*Problem statement*
The listing must be copied out in full and exactly; no images go with it.

*Exercise data*
-*-*-

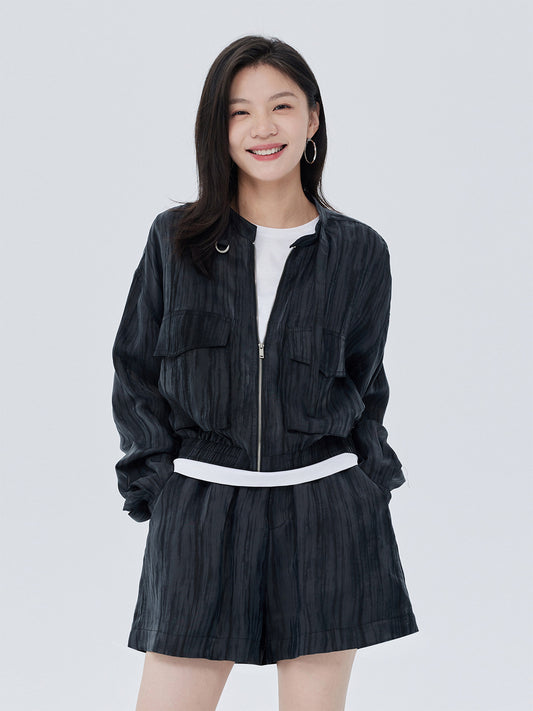 Round Neck Zip-Up Short Jacket SHN0022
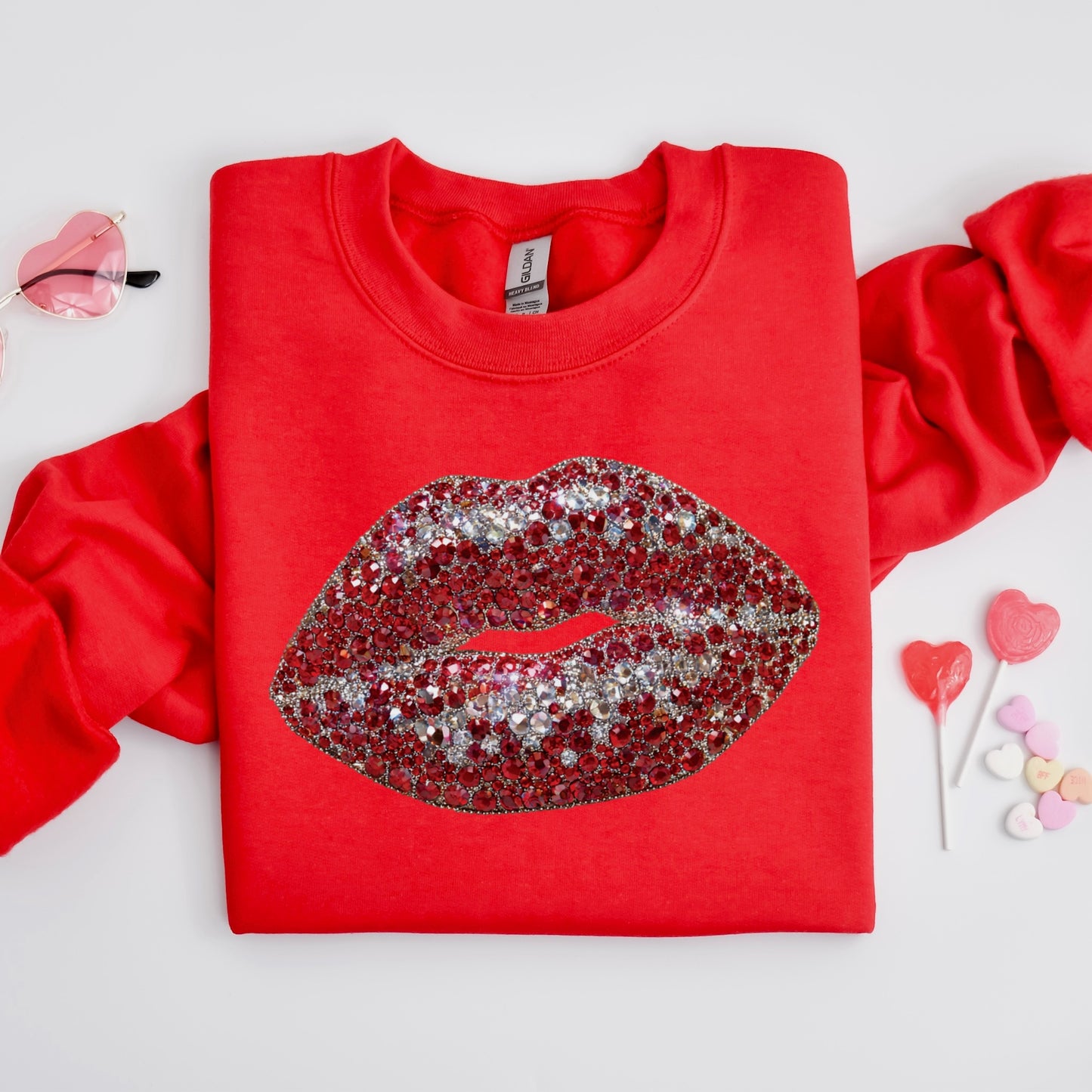 gemstone lips clear film screen print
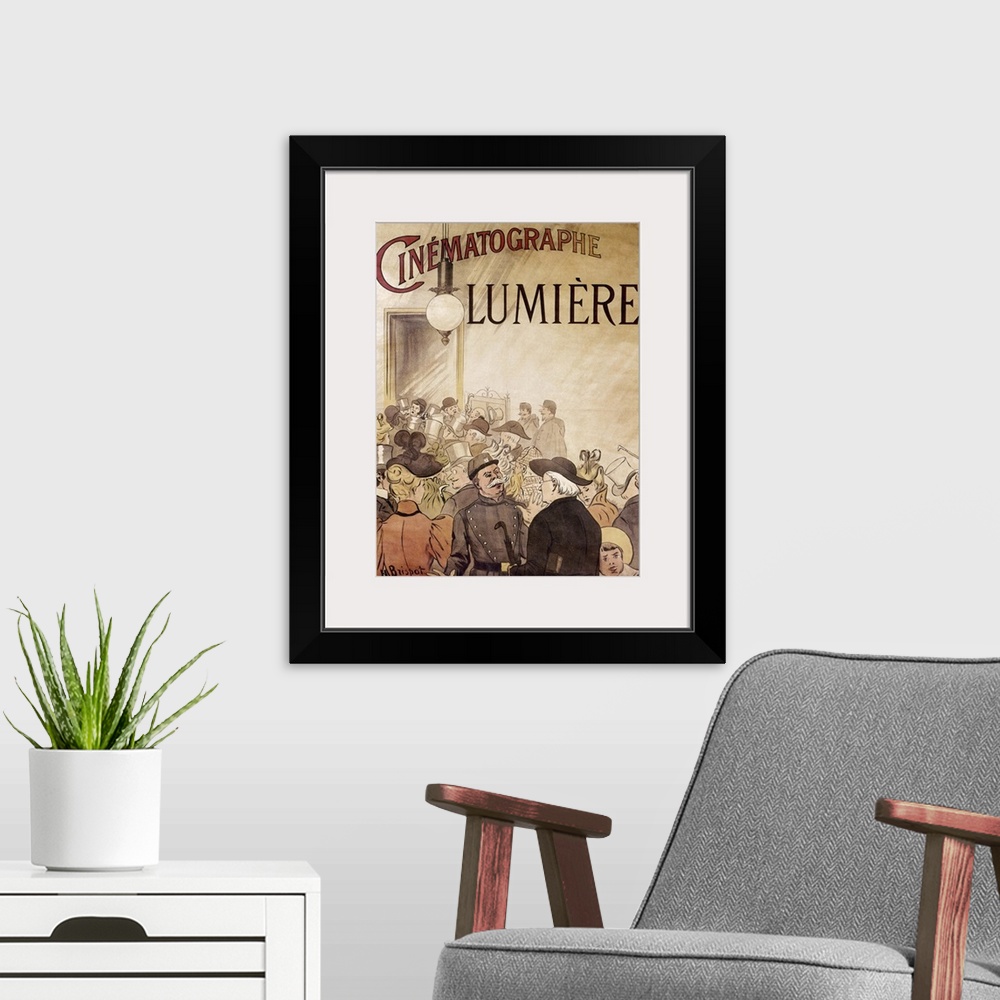 A modern room featuring French chemist and motion picture pioneer. French poster for 'Cinematographe Lumiere,' the Lumier...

-*-*-

*Written answer*
 Round Neck Zip-Up Short Jacket SHN0022
 gemstone lips clear film screen print
 A modern room featuring French chemist and motion picture pioneer. French poster for 'Cinematographe Lumiere,' the Lumier...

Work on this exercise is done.